A hypothetical Rust language standard would, in these terms, say that "the compiler may assume that (not X)" where the C standard says "the behavior is undefined if (X)".

Aloso · July 18, 2020, 3:50pm

I think the term should include the word "contract", "invariant" or something similar.

IMO there are two kinds of contracts, you could call them "safe contracts" and "unsafe contracts". A safe contract is one that is never exploited in unsafe code, so violating a safe contract can never cause UB. Unsafe contracts are used in unsafe code, violating them can cause UB.

For example, it's an unsafe contract that a str or String must be valid UTF-8, because their implementations use unsafe code, which relies on the correct encoding.

Functions that don't validate their input and can cause unsafe contract violations (e.g. from_utf8_unchecked) must be unsafe.

@zackw UB is a well-established term that has been used in the Rust community for a long time. Maybe not everyone is familiar with the term, but they can be referred to the Wikipedia page (or the page in the Rust wiki).

Unsafe code and undefined behavior is a difficult topic, so I think it's important to use precise, unambiguous terms to avoid misunderstandings.
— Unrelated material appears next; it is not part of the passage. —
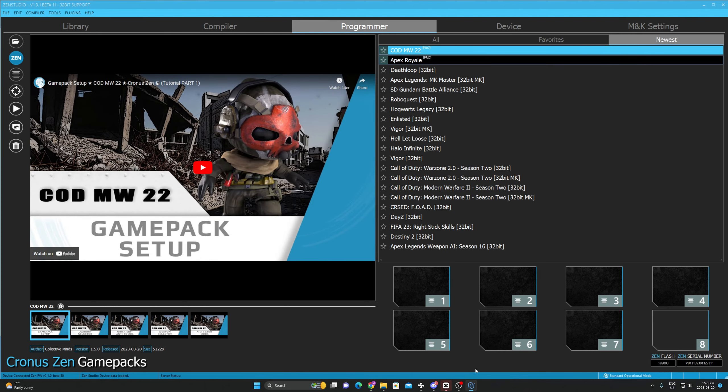This is a simple couple-minute tutorial. As you can see, we can now see all the scripts. But if 'programmer' isn't showing — this has been happening to me a lot — all you need to do is just close Zen Studio and open it up again. It's going to work. Yeah, see, now it's working.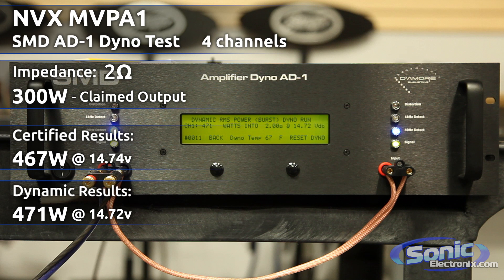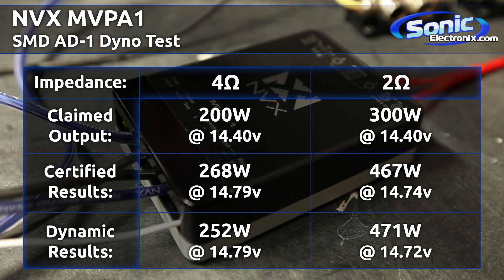We got the results back on the NVX MVPA1. On our certified amp dyno test at 4 ohms we got 268 watts at 14.79 volts. At 2 ohms we got 467 watts at 14.74 volts, which clearly exceeds what the manufacturer states on their box for RMS output power at 14.4 volts, which is great.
zackw · July 18, 2020, 7:22pm

I think that, despite "UB" being a well-established term that has been used for a long time, it is both imprecise and ambiguous, and we need to find a better term. Witness all of the threads arguing over exactly what it means!

And the specific point I jumped into this thread to make is that the replacement for "UB" needs to be a set of terms, because one of the several problems with "UB" is that it covers a whole bunch of different scenarios that are related but not that closely. For each case, do we mean

This operation will produce an unpredictable and arbitrary, but still valid, value of the result type
This operation may produce an invalid value of the result type
This operation may trigger a hardware fault that terminates at least the current thread (and may crash the entire computer, depending on the environment)
This operation may or may not have the expected side effects depending on unpredictable, timing-dependent runtime state
The compiler is allowed to assume that a black-box subroutine does not perform this operation
The compiler is allowed to assume that the arguments to this subroutine satisfy this constraint
The compiler is allowed to assume that, at this point in the code, all observable values of this type are valid
The compiler is allowed to assume that this operation will trigger a hardware fault that terminates at least the current thread (and therefore any code beyond this operation is unreachable)
The compiler is allowed to assume that any code path leading to this operation is unreachable and may be deleted
... et cetera?

Julius-Beides · July 18, 2020, 10:11pm

The term "undefined behaviour" fokuses on the perspective of spec writers and compiler implementors, but isn't really meaningful for the actual language users.

What I mean is that as compiler writers it's natural to say for example: "We explicitly specify that dereferencing a null pointer is undefined behaviour, so we can do better optimisations, by ignoring edge cases around null pointers."

But from a language user's perspective who doesn't know how compilers work, that raises more questions that answers. Furthermore, it's actually very much defined what dereferencing a null pointer (and other undefined behaviour) does: You get segfaults, silent data corruption or other nasty bugs. So the term is misleading.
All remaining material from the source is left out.